ABOUT THIS TASK
Please give back the lines from the line containing "Вытяжка Кертинг KHC" through the end of the listing below, exactly as written and without pictures.

DATA EXTRACT
--------------------------------------------------

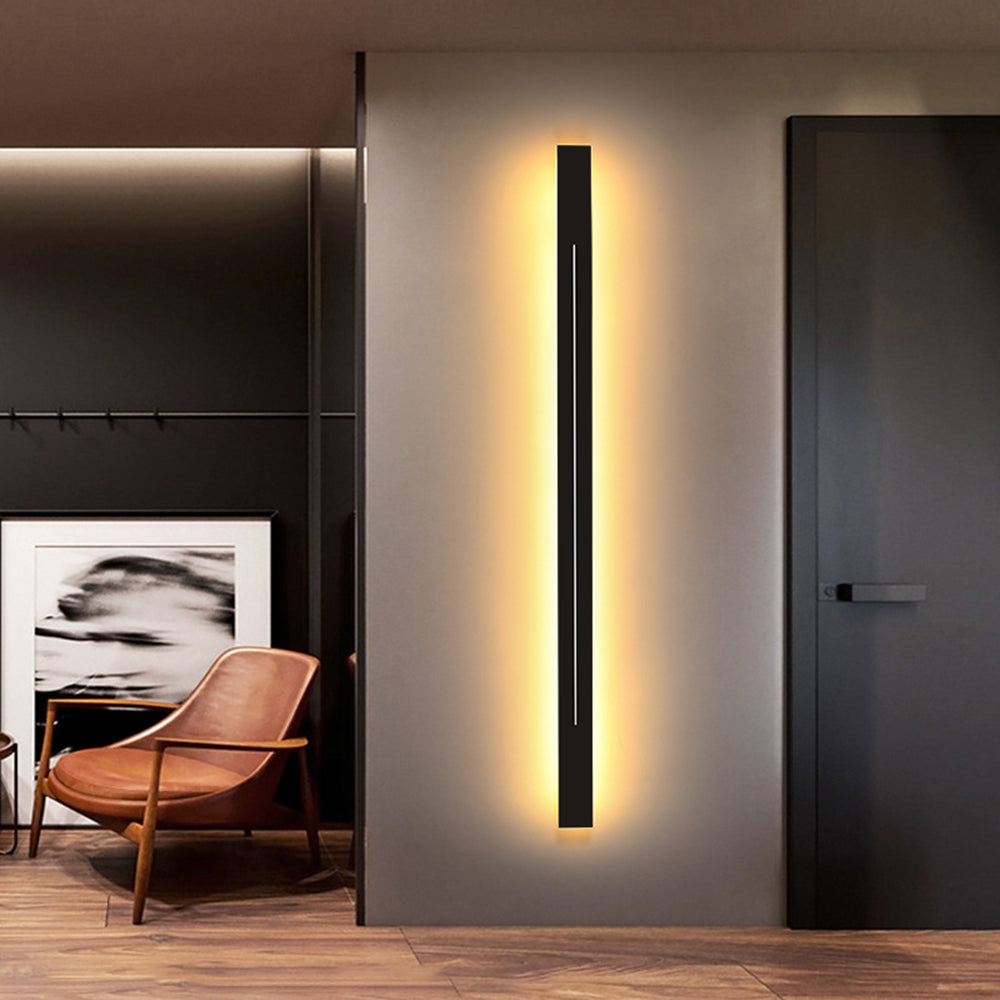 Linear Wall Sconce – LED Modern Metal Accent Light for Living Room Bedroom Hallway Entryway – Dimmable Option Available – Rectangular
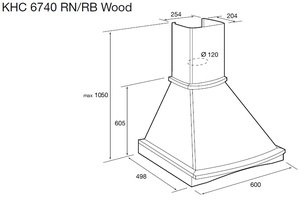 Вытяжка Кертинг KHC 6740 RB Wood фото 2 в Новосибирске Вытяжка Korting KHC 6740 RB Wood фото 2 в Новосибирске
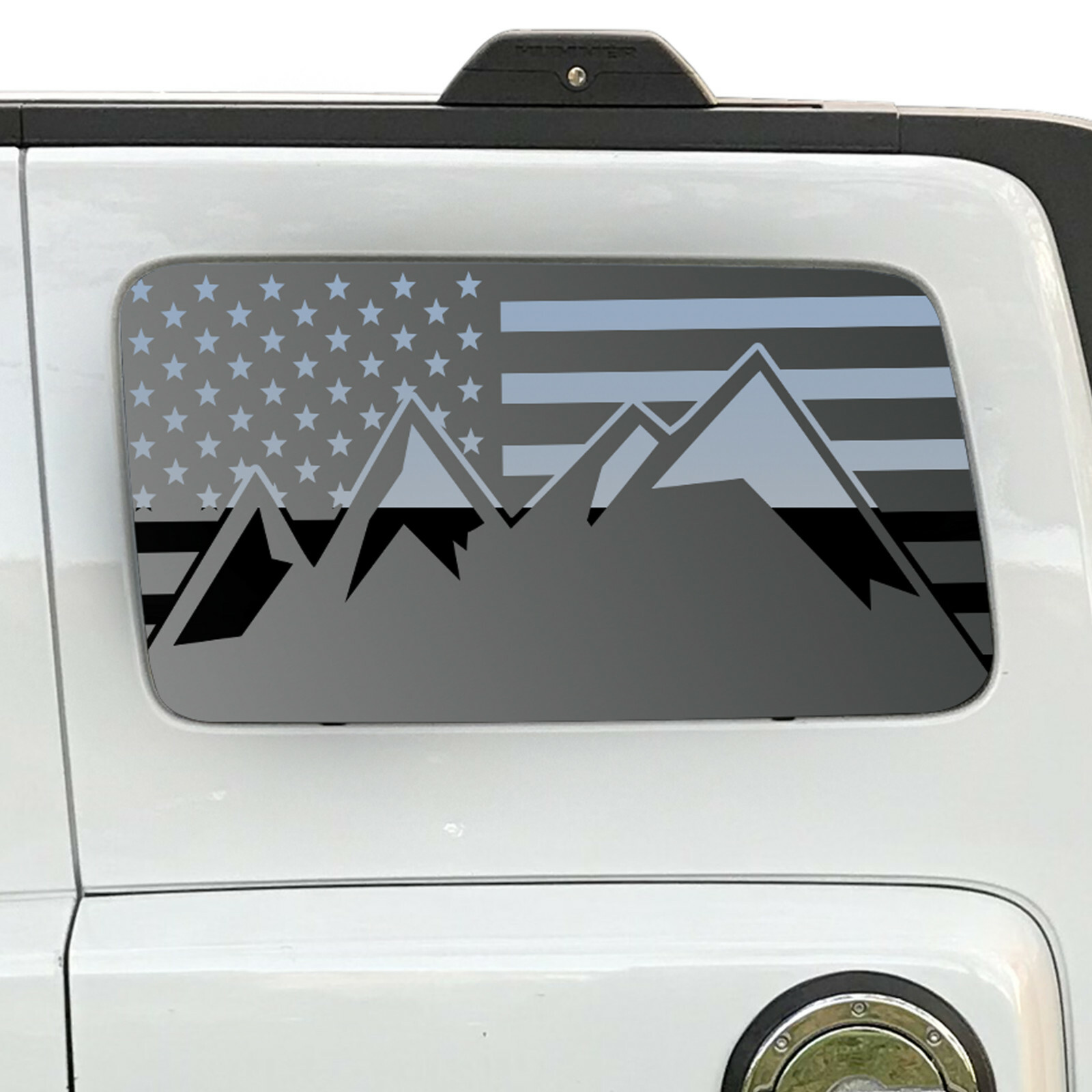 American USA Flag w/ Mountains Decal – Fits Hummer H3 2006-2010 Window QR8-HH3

--------------------------------------------------

ANSWER SECTION
 Вытяжка Кертинг KHC 6740 RB Wood фото 2 в Новосибирске Вытяжка Korting KHC 6740 RB Wood фото 2 в Новосибирске
 American USA Flag w/ Mountains Decal – Fits Hummer H3 2006-2010 Window QR8-HH3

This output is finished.